Several different approaches have been used to determine desorption and leaching of organic compounds from contaminated soil. For example, stirred aqueous batch tests, introduction of a third phase as an adsorbent to the soil/water system, and column leaching tests are commonly adopted methods for leaching and desorption studies of organic

compounds from soil (Enell et al., 2004; García Frutos et al., 2011). Stirred aqueous batch tests have been applied by many authors to study the sorption and desorption of organic compounds in soil (Ismail et al., 2010); however, the effect of grinding of soils may overestimate the desorption rate of compounds when using this method (Enell et al., 2004). Column leaching methods are considered to be more realistic in determining the leaching and desorption of organic compounds occurring in the field (García Frutos et al., 2011).

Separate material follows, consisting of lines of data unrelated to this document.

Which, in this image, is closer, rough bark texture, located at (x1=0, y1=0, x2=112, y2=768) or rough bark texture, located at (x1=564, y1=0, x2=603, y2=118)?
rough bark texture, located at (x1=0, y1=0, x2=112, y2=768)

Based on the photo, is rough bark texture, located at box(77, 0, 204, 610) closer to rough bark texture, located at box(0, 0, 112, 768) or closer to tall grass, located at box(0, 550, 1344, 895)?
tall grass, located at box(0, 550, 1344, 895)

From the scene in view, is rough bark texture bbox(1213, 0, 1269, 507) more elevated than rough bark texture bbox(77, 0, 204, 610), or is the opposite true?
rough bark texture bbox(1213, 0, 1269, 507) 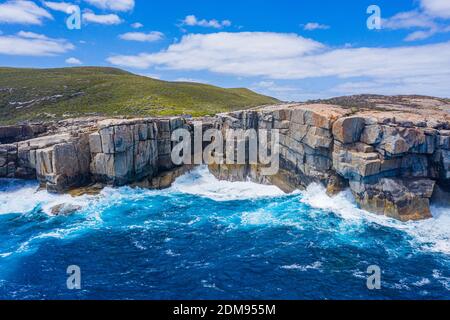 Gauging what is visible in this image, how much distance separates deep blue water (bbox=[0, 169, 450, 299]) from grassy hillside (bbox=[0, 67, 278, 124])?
53.6 meters

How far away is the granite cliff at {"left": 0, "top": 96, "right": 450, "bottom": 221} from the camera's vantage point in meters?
57.8

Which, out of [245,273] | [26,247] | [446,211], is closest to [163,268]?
[245,273]

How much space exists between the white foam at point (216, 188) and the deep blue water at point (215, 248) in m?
1.81

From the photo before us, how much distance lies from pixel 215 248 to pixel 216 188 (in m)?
26.3

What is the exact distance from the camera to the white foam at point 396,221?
49.9 meters

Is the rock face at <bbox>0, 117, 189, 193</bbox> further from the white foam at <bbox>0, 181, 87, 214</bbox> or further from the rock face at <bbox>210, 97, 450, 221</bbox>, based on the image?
the rock face at <bbox>210, 97, 450, 221</bbox>

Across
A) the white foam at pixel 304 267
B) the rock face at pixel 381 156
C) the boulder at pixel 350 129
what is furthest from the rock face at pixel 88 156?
the white foam at pixel 304 267

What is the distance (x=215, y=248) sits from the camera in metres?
49.2

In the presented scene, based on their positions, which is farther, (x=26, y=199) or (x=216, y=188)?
(x=216, y=188)

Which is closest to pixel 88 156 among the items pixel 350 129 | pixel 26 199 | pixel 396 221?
pixel 26 199

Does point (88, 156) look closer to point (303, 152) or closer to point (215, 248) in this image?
point (215, 248)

The leaching of organic contaminants in soils depends on the adsorption equilibrium between the compounds in soil solution and adsorbed amount to the solid constituents of the soil, which in turn depends on available binding sites on the soil, mostly due to hydroxyl and carboxylic acid functionalities. The van der Waals attractions are important with soils with higher amount of clays as the compounds migrate between sheets in the clay structure or in binding sites on the edges of those sheets. The soils containing both higher clay and organic matter content have more potential binding sites for retention of the compounds consequently reducing the extent of leaching. The only study related to desorption/leaching of a BAC (hexadecyl benzyl dimethyl ammonium chloride with 16 carbon alkyl chain) from sewage sludge reported that about 5% of the BAC was desorbed in 24 h (Ismail et al., 2010). In another study, two different monoalkonium chlorides were found to desorb by 10 to 60%, depending on their molecular structure, from soil samples (Sarkar et al., 2010).

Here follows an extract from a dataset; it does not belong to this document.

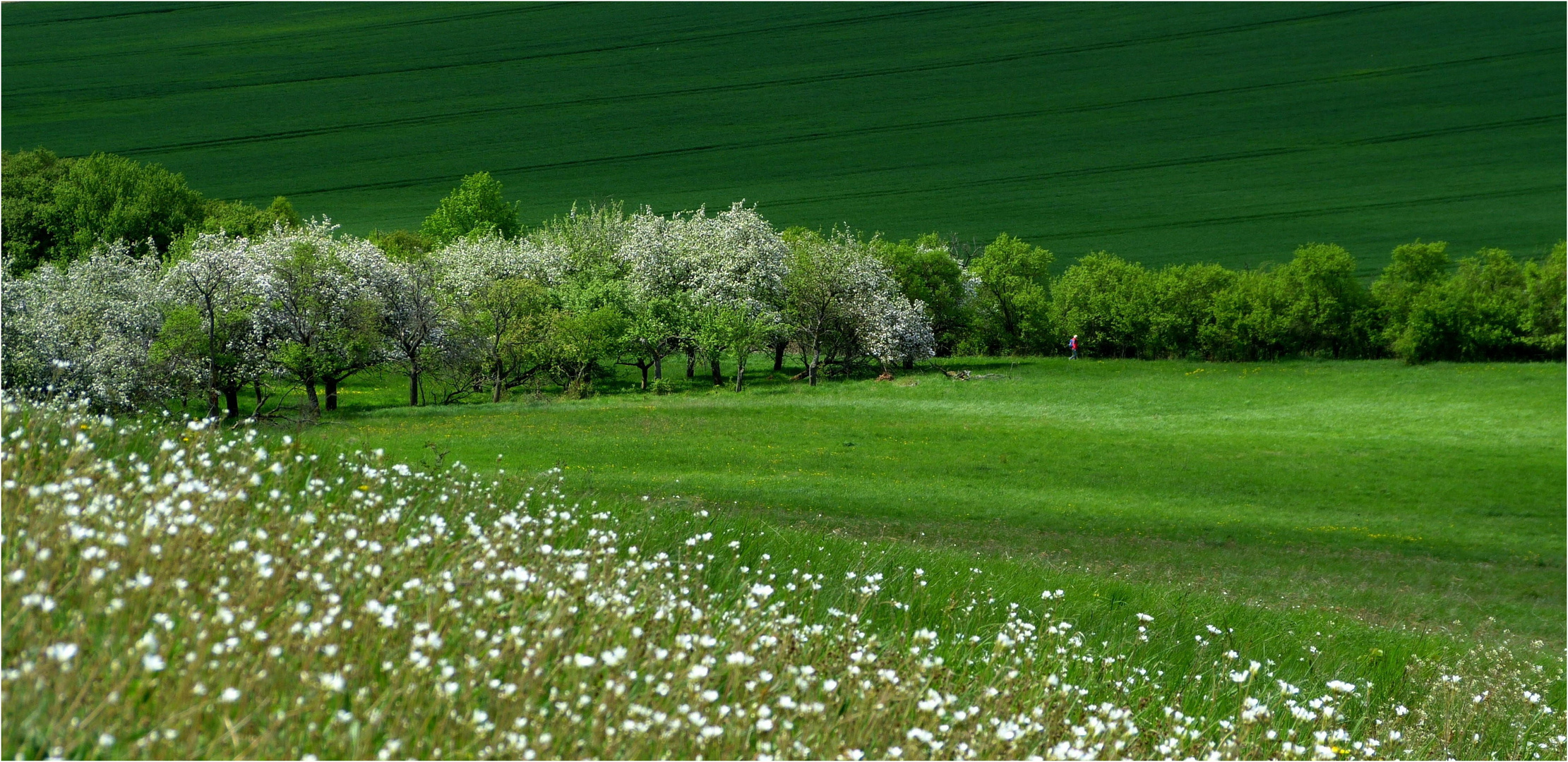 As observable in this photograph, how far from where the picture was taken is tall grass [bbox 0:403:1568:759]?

It is unavoidable to release organic pollutants (such as BACs) in the natural environment and it can happen in many ways, such as by the land application of biosolids, use of reclaimed wastewater for irrigation or by direct discharge of pollutants or due to soil erosion into sediments if BACs are present in agricultural land due to soil amendment with biosolids. The first two possibilities can be mitigated by redesigning/improving the conventional wastewater treatment technologies, which of course will take many years with the potential involvement of money. As a result, understanding on the sorption and leaching behaviour of BACs would be beneficial to characterize the risk associated to these compounds. For example, uptake of BACs from soil by plants is only possible if they are desorbed and become mobile in the rooting zone of soil environment.

To date, no study has been performed to determine the adsorption parameters of BACs on various types of agricultural soils and the leaching possibilities of BACs from biosolids or when soils are amended with biosolids. As a result, understanding the adsorption and leaching behaviour of BACs from soils amended with biosolids would be beneficial to characterize the risk associated with them.